أَخْبَرَنَا أَبُو عَبْدِ اللهِ الْحَافِظُ، قَالَ: سَمِعْتُ أَبَا بَكْرِ بْنَ أَبِي دَارِمٍ، يَقُولُ: حَدَّثَنَا عُمَرُ بْنُ الْحَسَنِ بْنِ نَصْرِ بْنِ طَرْخَانَ، قَالَ: سَمِعْتُ مُحَمَّدَ بْنَ أَبِي عَبْدَانَ، قَالَ: قِيلَ لِحَاتِمٍ الْأَصَمِّ: عَلَى مَا بَنَيْتَ أَمَرَكَ هَذَا مِنَ التَّوَكُّلِ؟ قَالَ: عَلَى أَرْبَعِ خِلَالٍ: عَلِمْتُ أَنَّ رِزْقِي لَا يَأْكُلُهُ غَيْرِي، فَلَسْتُ اهْتَمُّ لَهُ، وَعَلِمْتُ أَنَّ عَمَلِي لَا يَعْمَلُهُ غَيْرِي، فَأَنَا مَشْغُولٌ بِهِ، وَعَلِمْتُ أَنَّ الْمَوْتَ يَأْتِينِي بَغْتَةً، فَأَنَا أُبَادِرَهُ، وَعَلِمْتُ أَنِّي بِعَيْنِ اللهِ فِي كُلِّ حَالٍ، فَأَنَا مُسْتَحْيِيٍ مِنْهُ
Al-Baihaqi meriwayatkan dengan sanadnya sampai kepada Muhammad bin Abi Abdan beliau berkata: “Hatim Al Asham pernah bertanya: “Atas apa kamu membangun perkaramu ini adalah merupakan sikap tawakkal: “ Beliau berkata: “Di atas empat perkara: Aku telah mengetahui bahwa rezekiku tidak ada yang akan memakannya selainku, maka aku tidak memperhatikannya. Aku telah mengetahui bahwa ilmuku tidak ada yang akan mengamalkannya selainku, maka aku sibuk dengannya.

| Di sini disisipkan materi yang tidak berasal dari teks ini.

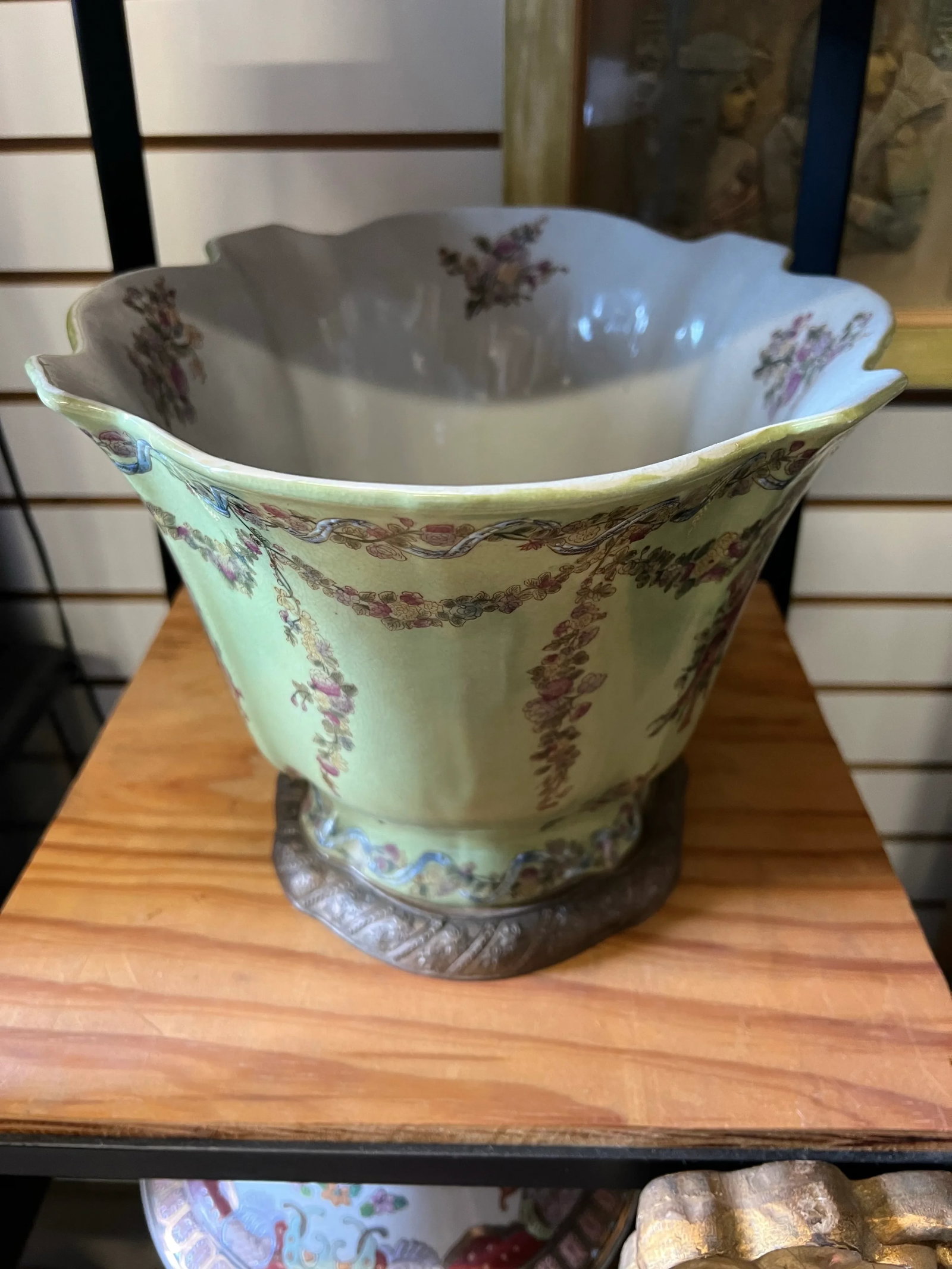 Antique Green Pheasant Bird and Floral Garland Porcelain Bowl / Brass Footed Cache Pot / Jardiniere - 3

Aku telah mengetahui bajwa kematian akan mendatangiku secara tiba-tiba, maka aku bersegera (mengambil bekal). Dan aku telah mengetahui bahwa aku senantiasa dalam penglihatan Allah setiap saat, maka aku malu dari-Nya.” (Atsar riwayat Al Baihaqi).

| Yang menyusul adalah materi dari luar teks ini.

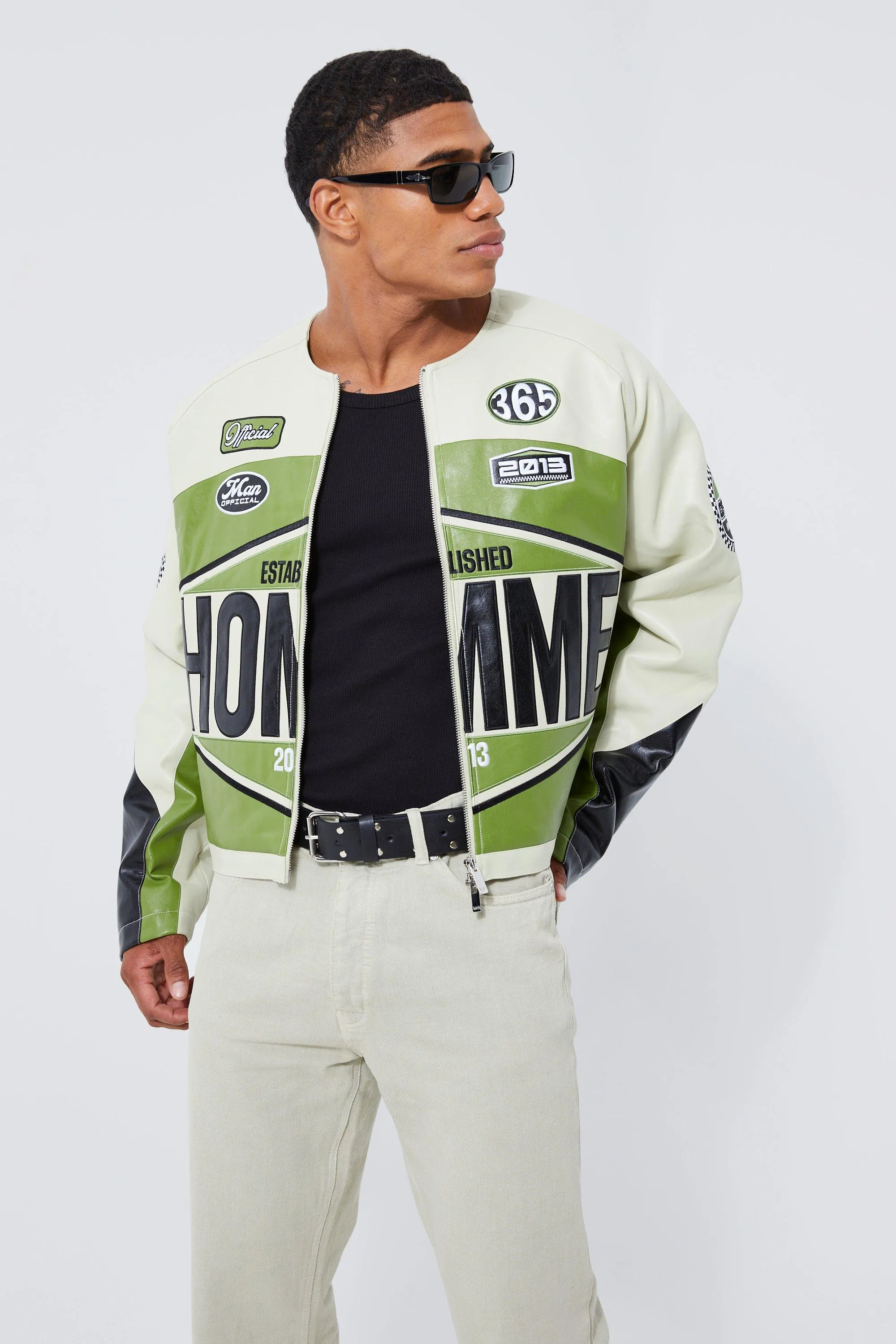 Boxy Pu Homme Collarless Moto Jacket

3. Seorang tidak akan dicabut nyawanya kecuali jika sudah sempurna jatah rizkinya
Jabir bin Abdillah radhiyallahu ‘anhu berkata: “Rasulullah shallallahu ‘alaihi wasallam bersabda:
أَيُّهَا النَّاسُ اتَّقُوا اللَّهَ وَأَجْمِلُوا فِى الطَّلَبِ فَإِنَّ نَفْسًا لَنْ تَمُوتَ حَتَّى تَسْتَوْفِىَ رِزْقَهَا وَإِنْ أَبْطَأَ عَنْهَا فَاتَّقُوا اللَّهَ وَأَجْمِلُوا فِى الطَّلَبِ خُذُوا مَا حَلَّ وَدَعُوا مَا حَرُمَ
“Wahai manusia, bertakwalah kalian kepada Allah dan perbaikilah di dalam mencari (rezeki), karena sesungguhnya setiap yang bernyawa tidak akan pernah mati sampai Dia menyempurnakan rezekinya, meskipun kadang terlambat datang untuknya, maka bertakwalah kalian kepada Allah dan perbaikilah dalam mencari (rezeki), (yaitu) ambillah apa yang telah dihalalkan tinggalkanlah apa yang telah diharamkan.” (HR. Ibnu Majah)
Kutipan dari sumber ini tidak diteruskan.